H_l is the latent heat of the PCM. Similar equations can be formed for water.

$$\left(m_t{c}_{pt}+m_w{c}_{pw}\right)\left(T_{m1}-T_{m2}\right)=h{A}_t{\int }_{t_{w1}}^{t_{w2}}\left(T-T_a\right)dt=h{A}_t{A}_{w2}$$

(5)

Simultaneous solution of these two equations gives the following relationship.

$$H_l={\displaystyle \frac{(m_t{c}_{pt}+m_w{c}_{pw})(T_{m1}-T_{m2})}{m_p}}{\displaystyle \frac{A_{p2}}{A_{w2}}}-{\displaystyle \frac{\left(m_t{c}_{pt}\right)\left(T_{m1}-T_{m2}\right)}{m_p}}-c_{pm}(T_{m1}-T_{m2})$$

(6)

2.3. End of the Phase Change to the Common End Temperature

The following equations are like Equations (1)–(3).

$$\left(m_t{c}_{pt}+m_p{c}_{ps}\right)\left(T_{m2}-T_r\right)=h{A}_t{\int }_{t_{p2}}^{t_{p3}}\left(T-T_a\right)dt=h{A}_t{A}_{p3}$$

(7)

T_r is the common temperature at the end of the phase change. t_p3 is the time for the PCM when it reaches temperature T_r. A_p3 is the area between the PCM and ambient air temperature profiles in the considered interval.

$$\left(m_t{c}_{pt}+m_w{c}_{pw}\right)\left(T_{m2}-T_r\right)=h{A}_t{\int }_{t_{w2}}^{t_{w3}}\left(T-T_a\right)dt=h{A}_t{A}_{w3}$$

(8)

t_w3 is the time when water reaches temperature T_r. A_w3 is the area between the water and ambient air temperature profiles in the considered interval.

Simultaneous solutions of Equations (7) and (8) yield the following relationship.

$$c_{ps}={\displaystyle \frac{(m_t{c}_{pt}+m_w{c}_{pw})}{m_p}}{\displaystyle \frac{A_{p3}}{A_{w3}}}-{\displaystyle \frac{m_t{c}_{pt}}{m_p}}$$

(9)

Figure 2, below, shows how the results of the integrals from the aforementioned equations would look on a temperature–time graph.

2.4. Results of the T-History Method

Using the data acquired by the experiments for the paraffins RT42, RT55, and RT64HC, the results reported in

Table 2. Results of the T-history method.

Thermophysical Properties	Experimental Results			Values Defined in the Rubitherm Datasheet
	RT42	RT55	RT64HC	RT42	RT55	RT64HC
cps [kJ/(kg K)]	3.316	2.259	1.335	2	2	2
cpl [kJ/(kg K)]	2.573	2.664	2.448	2	2	2
Hl [kJ/kg]	165.0	182.4	242.7	165	170	250

were obtained. The melting range was defined as the points farthest from the melting process, because when melting starts, spikes in c_p can be observed during solidification and liquefaction. Doing so resulted in more uniform results, less prone to abrupt changes when the range was altered slightly. These results were compared with the values reported by Rubitherm in the associated datasheets for each PCM.

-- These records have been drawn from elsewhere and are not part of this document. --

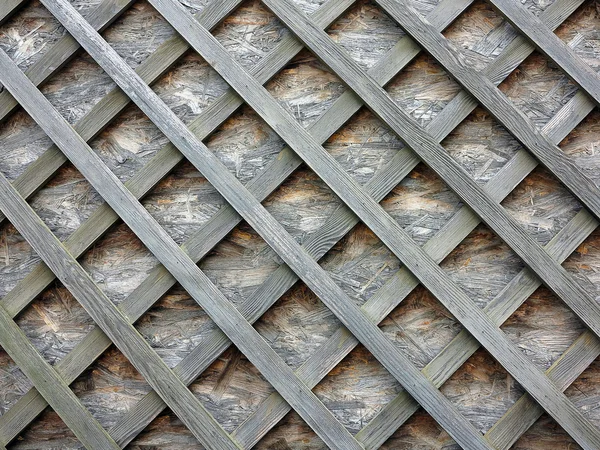 Stollenwand mit Holzlatten auf der Diagonalen — Stockfoto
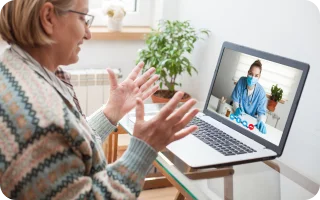 woman discussing medical issues online with her doctor on a laptop computer
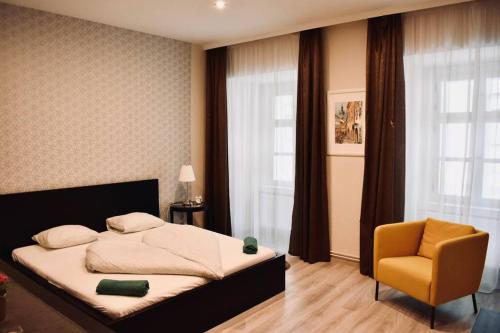 1 dormitorio con 1 cama y 1 silla amarilla en Scarbantia Casa, en Sopron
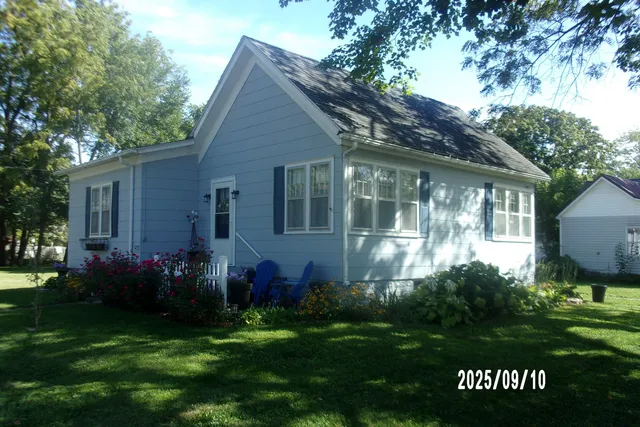 a front view of house with a garden and patio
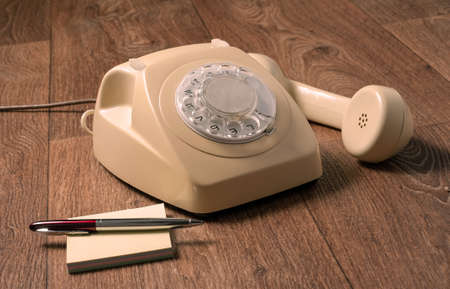 Retro telephone on wooden table in front gradient background.の写真素材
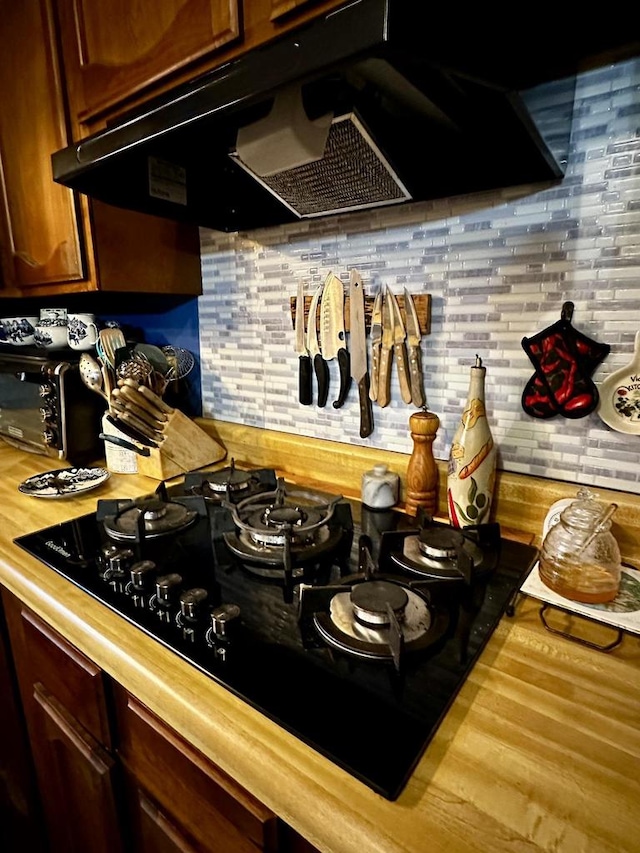 kitchen featuring wood counters, black gas cooktop, and exhaust hood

3. Experimental Setup and Methodology

After the T-history method, and the fabrication of the metal foams (all with the dimensions 4 × 4 × 4 cm³) with the same porosity but different pore density (pores per inch (PPI)), as depicted in Figure 3, the following parameters were considered:

A.

Effect of the PPI variation on the phase change completion time, while all other variables are kept constant.

B.

Effect of the PCM variation on the phase change completion time, while all other variables are kept constant.

C.

Effect of the heat flux variation on the phase change completion time, while all other variables are kept constant.

The metal foams, with the main properties as shown in

Table 3. Properties of metal foams.

Name	Linear Porosity (PPI) *	Volumetric Porosity *	Surface Area per Unit Volume * (m−1)	Fiber Thickness ** (mm)	Fiber Length ** (mm)
Al-10-6.8	10	93.2%	692	0.45	1.785
Al-20-6.8	20	93.2%	1156	0.367	1.218
Al-40-7.0	40	93.0%	1679	0.324	1.072

* measured and provided by the manufacturer. ** measured by Mancin et al. [26].

below, were encapsulated on four sides (excluding the top) using polycarbonate sheets and high-temperature silica gel, after which they were filled with the PCM under investigation. The base of the metal foam was heated using an electric heater, with thermal paste applied at the interface to ensure uniform heat transfer. Temperature measurements were obtained using thermocouples: one junction was positioned at the mid-point of the foam, while another was inserted at the base in direct contact with the heater. Both thermocouples (having an accuracy of ±0.5 K, previously calibrated with a Pt100 as reference temperature sensor) were connected to the zero-point reference junction, and their data was fed to the data acquisition system.

For comparison, a control experiment was conducted using an identical container filled only with PCM, without a metal foam. This allowed evaluation of the influence of the foam presence and porosity on the thermal response of the system.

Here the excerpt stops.